The smeller also drank the Buddha jumping wall at this moment, a red colour appeared on one face, his eyes were a little intoxicated.

Why can it be so delicious, the taste and flavour of the ingredients are combined so perfectly, and for a moment it is able to sheath out the enjoyment of the food in people's hearts and completely fall into the food trap created by walking.

It's really intoxicating.

Six elders drank, lay on a chair, didn't want to move, only the rare enjoyment time left after eating the Buddha jumped off the wall.

Fisherman Zhou Cheng is still slowly drinking Tongfo to jump the wall.

The more he drinks, the more wrinkled his eyebrows become, and the more pressure he has on his body.

The strength of the pedestrian formula… is really too strong!

Strong enough to make your fisherman Zhou Cheng feel a little uncomfortable...

If he competes in the kitchen fight... can he really win?!

He was not confident at all. Just one Buddha jumped against the wall and defeated Zhou Cheng's confidence.

The silence and gestures of the judges are all reflected in the projection matrix.

The result seems to be self-evident.

The entire Phoenix Palace was silenced.

No one would have expected such an end, and everyone felt that orange should be a must win.

Because orange soup should be invincible.

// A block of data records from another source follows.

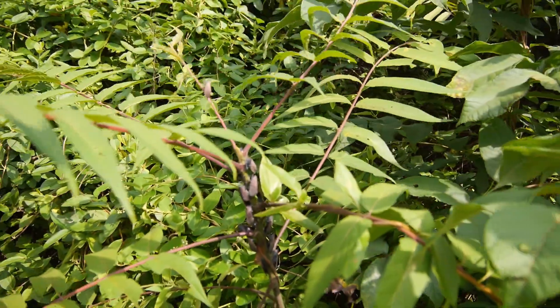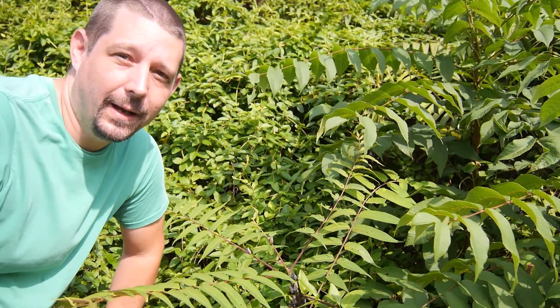The Tree of Heaven is native to the same area of Asia as the spotted lanternfly. It seems to attract the flies and also serves as a food source for them. But if we can get rid of the Tree of Heaven, hopefully we can make a dent in the population of lanternflies.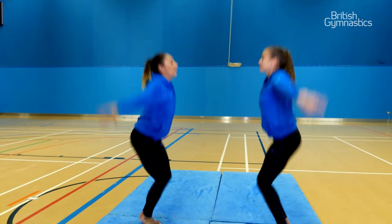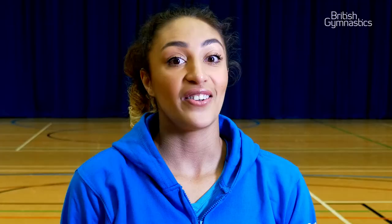We want to see some amazing synchronised twinning. To make it a little more difficult, why not face your twin and mirror each other's movements? I'm sure you're going to have lots of fun with this one.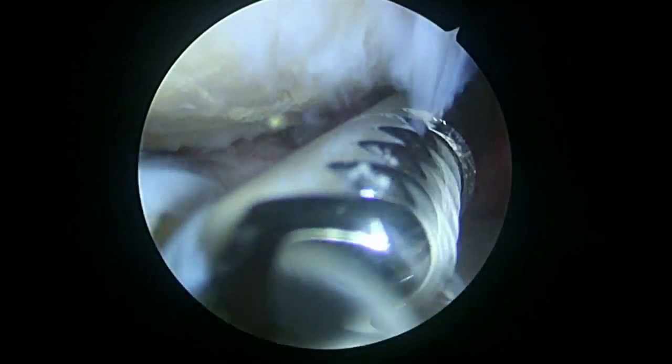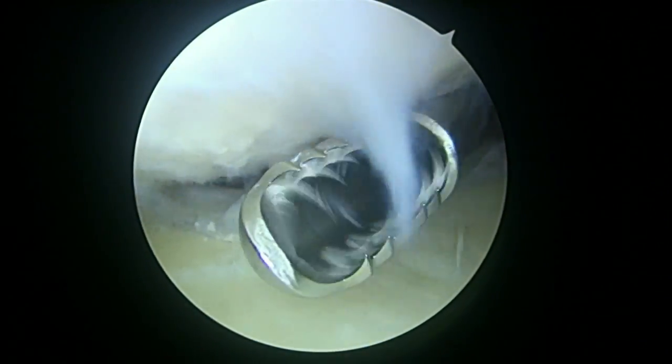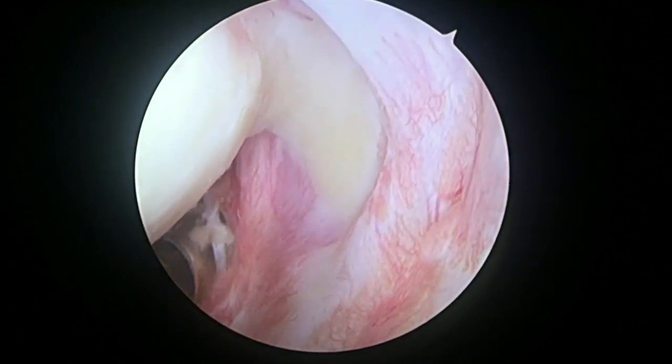Okay, we're just getting started on the left shoulder. We tried to do a gentle manipulation under anesthesia, and we just couldn't get the shoulder fully released the way I would have liked. So now we're looking in.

But what the hell is that formula? What the hell is Buddha doing jumping off walls?

Why is the orange soup so dark?! He also made the elders almost didn't blow up their blasphemy pants...

The judges unanimously decided that the winner of the fight was the pedestrian formula.

Orange soup is good, but the Buddha bounced off the wall... so desperate!

Oranges are lost and their faces are incredible.

She was confident that she would not lose because she took out even the best stew soup to cook.

But... never thought, on the soup.

She still lost.

And still a crushed failure...

Why did it fail?

Orange opened her eyes and her eyes were kind of soulless and she looked at the gait.

The gait gazed obliquely at the orange and nodded.

The soup spoon swings, and the roaring sound of the soup juice goes off.

Another bowl of Buddha bounced off the wall on foot.

The blue flower porcelain bowl is held by the mental strength and true qi of the pedestrian, slowly towards the orange body.

There are tears in the corner of the orange eye, and that is the sorrow of failure.

As a result, the hot Buddha jumped the wall.

The color of clotting flashed through the eyes of the orange body.

She lost, she admits, but she also wants to know... where she lost herself!

Grunting.

With a bowl of bluegrass porcelain, the red lips kicked gently, pouring the soup into the mouth.